_Work request_
Copy, exactly as written, the lines that begin at the one containing "宠物狗的品种及图片柯基:法斗、腊肠犬、柯基犬，你更喜欢谁？为什么？" and end at the one containing "Il sole sorge". Skip any pictures in the data below.

_Data for this task_
※ ※ ※
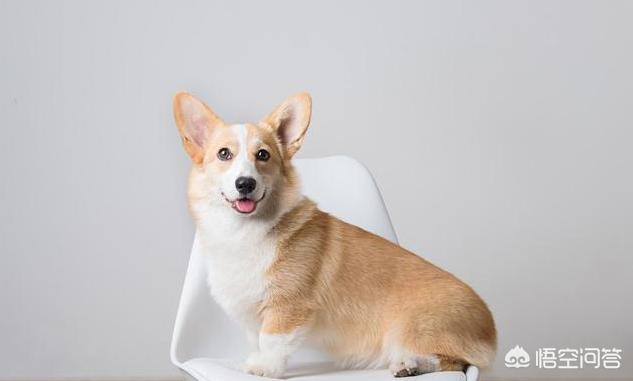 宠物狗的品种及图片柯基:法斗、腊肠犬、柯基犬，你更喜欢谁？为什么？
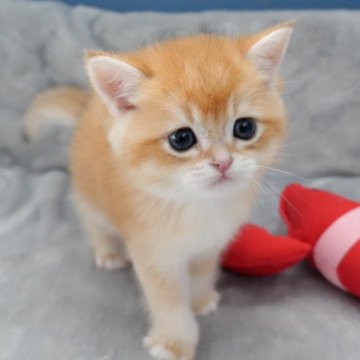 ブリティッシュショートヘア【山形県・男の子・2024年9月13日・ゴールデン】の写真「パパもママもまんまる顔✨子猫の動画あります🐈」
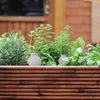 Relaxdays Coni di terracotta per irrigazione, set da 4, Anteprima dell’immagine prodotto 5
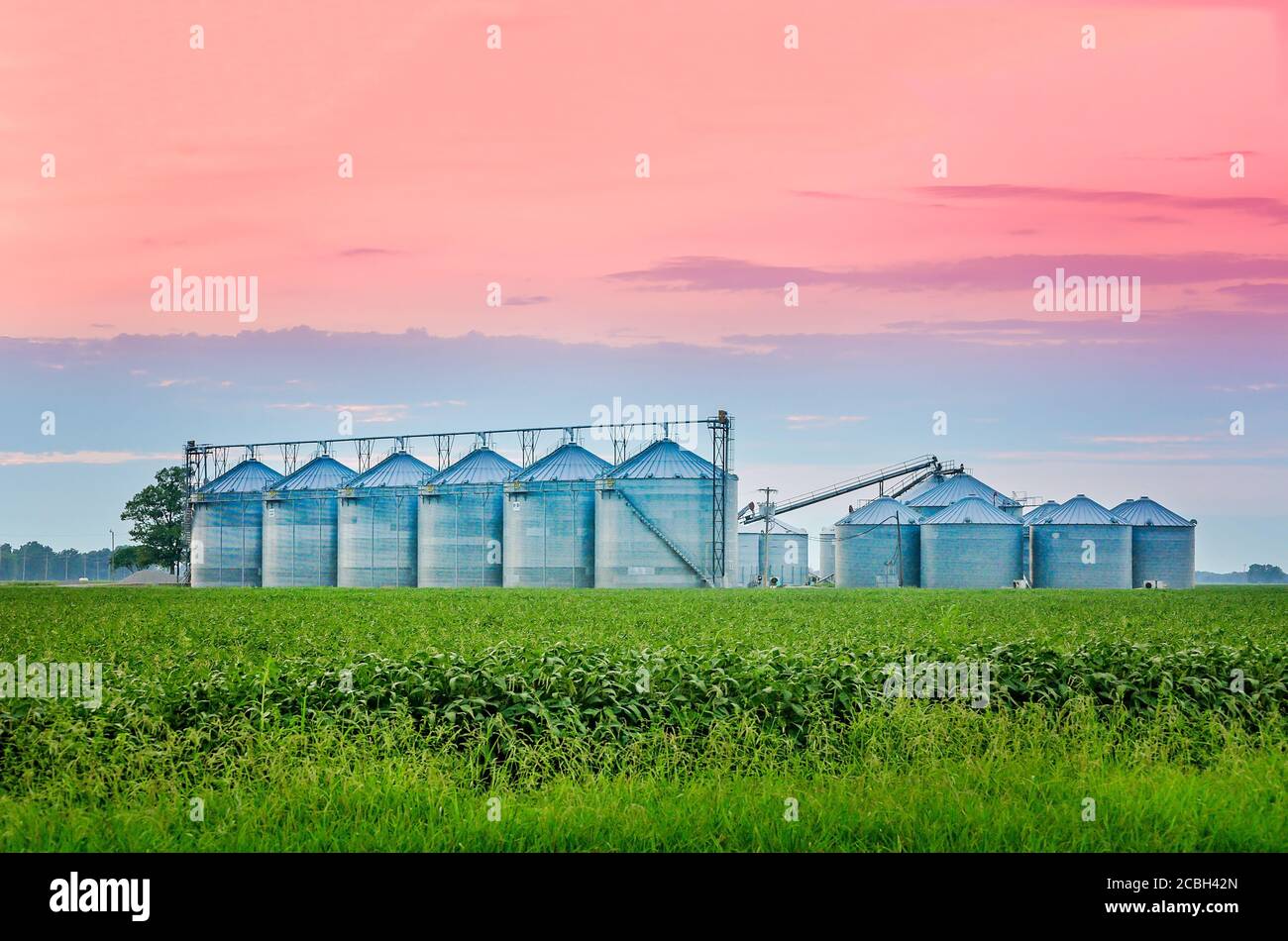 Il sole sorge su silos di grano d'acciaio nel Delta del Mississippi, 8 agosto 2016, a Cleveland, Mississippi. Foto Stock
※ ※ ※
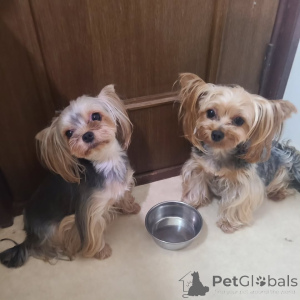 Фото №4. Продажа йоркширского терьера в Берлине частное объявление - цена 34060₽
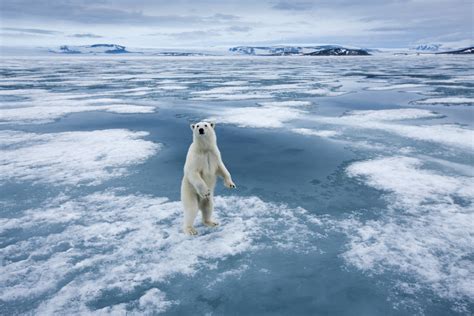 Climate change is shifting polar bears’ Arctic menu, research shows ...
※ ※ ※
_Answer section_
 宠物狗的品种及图片柯基:法斗、腊肠犬、柯基犬，你更喜欢谁？为什么？
 ブリティッシュショートヘア【山形県・男の子・2024年9月13日・ゴールデン】の写真「パパもママもまんまる顔✨子猫の動画あります🐈」
 Relaxdays Coni di terracotta per irrigazione, set da 4, Anteprima dell’immagine prodotto 5
 Il sole sorge su silos di grano d'acciaio nel Delta del Mississippi, 8 agosto 2016, a Cleveland, Mississippi. Foto Stock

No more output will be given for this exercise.